Future work will also explore higher spatial resolution products, potentially at 30-meter resolution, to better support precision agriculture applications. This study represents a first attempt to demonstrate the advantages of integrating machine learning with environmental covariates for soil mapping in Morocco, establishing a methodological framework that can be recommended for future soil mapping projects as an alternative to traditional interpolation methods employed in previous studies.

Usage Notes

The generated maps of available phosphorus (ppm) and exchangeable potassium (ppm) across Moroccan croplands, developed at a 250 m resolution, provide an essential foundation for comprehending soil nutrient distribution nation-wide. Being the first maps of their kind, they offer insightful information to promote sustainable agricultural practices, allowing policymakers to make better decisions and farmers to manage fertilizer more precisely. In other terms, these maps can help optimize crop productivity, reduce nutrient imbalances and guide targeted interventions where soil amendments are most needed.

Researchers can also exploit these maps to explore nutrient-crop interactions, assess the impact of soil management practices on long-term soil health, and use them as baseline data for modeling studies in agronomy, soil, hydrology, and environmental sciences. Additionally, these maps represent essential inputs for a wide range of applications, including land degradation assessments, crop yield prediction models, and studies on the impacts of climate change, where soil nutrient data is a crucial factor.

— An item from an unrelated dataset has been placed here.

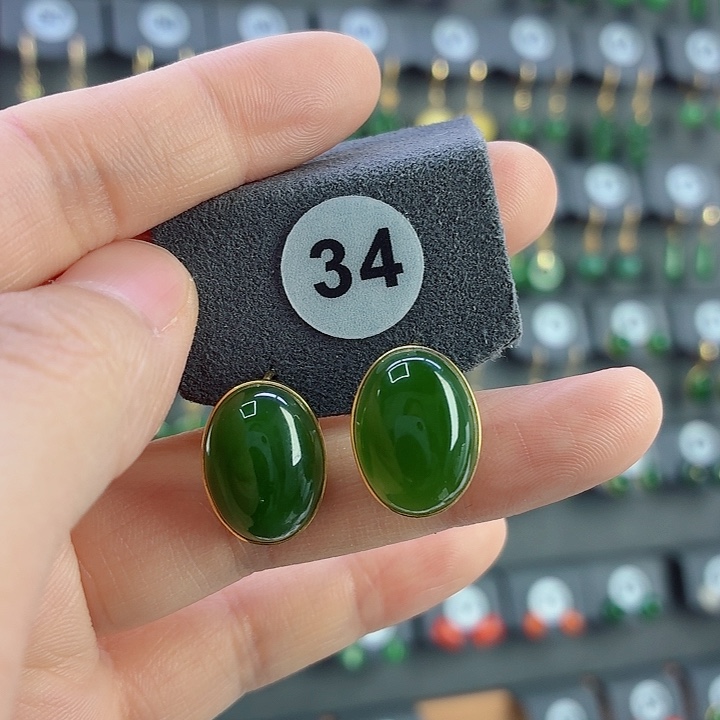 和田玉18K金镶嵌耳饰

Their utility extends beyond farm-level decision-making to broader agricultural and environmental planning. Specifically, these maps facilitate the design of efficient soil monitoring networks, inform evidence-based agricultural policies, and support sustainable land management strategies. Furthermore, they contribute to national and regional initiatives aimed at enhancing food security, optimizing fertilizer use, and promoting environmental sustainability by enabling data-driven interventions for soil conservation and ecosystem resilience. Furthermore, these maps bridge data gaps and support existing global and African efforts to generate and model soil information7,38.